Costumo dizer que o universitário é o agente da educação que está mais próximo de tomar uma decisão formal de carreira: se vai ser empregado, fazer concurso público ou empreender. Então, parece-me razoável que empreendedorismo seja algo presente no dia a dia desse estudante. Temos evidências, a partir de dados históricos, de que empresas de melhor performance são criadas, em sua maioria, por pessoas de maior escolaridade. Ou seja, gente que conseguiu vencer todas as dificuldades do sistema educacional brasileiro, passar do ensino médio e concluir a universidade merece ser preparada para abrir um negócio. Os universitários têm grande potencial de criação de empresas, que vão gerar emprego, inovar e resolver problemas da sociedade.
A pesquisa mostra que os professores, muitas vezes, não têm uma preparação para ensinar empreendedorismo.
Como você analisa essa questão?
O professor de hoje tem uma parcela imensa de responsabilidade sobre a formação do empreendedor. É o responsável por trazer o ambiente de mercado para dentro da sala de aula e, na maioria das vezes, ele não faz esse papel. Além disso, temos uma dificuldade com relação ao sistema educacional, pois ele não permite que empreendedores relevantes possam lecionar, por motivos como a falta de um diploma. Se Mark Zuckerberg (criador do Facebook) ou Bill Gates (fundador da Microsoft) quisessem dar aula em uma universidade brasileira, o currículo deles não passaria nem da secretaria para a administração acadêmica porque eles não têm graduação completa. Eles estão fora do nível de exigência. Esse sistema de regras deixa gente que poderia contribuir muito para a formação dos jovens de fora. Quando se fala de empreendedorismo, é preciso ter pessoas com prática, lógica de mercado, que sintam as dores de um empreendedor para poder ensinar isso. O aluno médio das faculdades provavelmente vai cumprir a tabela: conseguir um estágio, se formar, arrumar emprego e ter uma carreira mediana. Os jovens brasileiros têm o desafio de serem protagonistas da educação que desejam ter. Se o professor, hoje, não ensina empreendedorismo e não conhece a realidade empreendedora, quem fará isso pelos estudantes? Em muitos casos temos visto isso acontecer por meio da empresa júnior e de outras iniciativas de universitários que tentam romper com essa barreira.

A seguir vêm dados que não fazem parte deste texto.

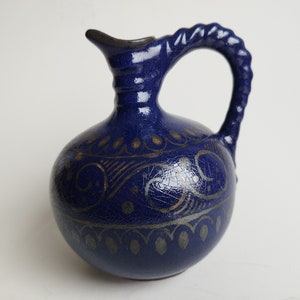 Vintage 1960s West German pottery jug vase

Que conselho você pode dar para jovens que querem empreender?
Algo que nós, da Endeavor, costumamos dizer é: comece pelo que você conhece. Então, se vai iniciar um negócio, a pessoa precisa ter uma experiência profissional ou ter estudado muito aquele assunto. O grande problema que vemos hoje é gente que empreende porque acha que “é legal ou bonito empreender”. Existem dois pontos muito importantes a saber antes de lançar um negócio. Primeiramente, o conhecimento: se você não conhece nada de nada, vai empreender no quê? Tem uma legião de pessoas que querem empreender e passam anos tentando descobrir algo para ter um negócio; há ainda os que abrem uma empresa sem nenhum tipo de ligação emocional. Em segundo lugar, empreender não é um caminho reto. É uma trilha cheia de curvas esburacadas. Em um dia você está superbem; no outro, supermal. Precisa-se ter resistência emocional para isso.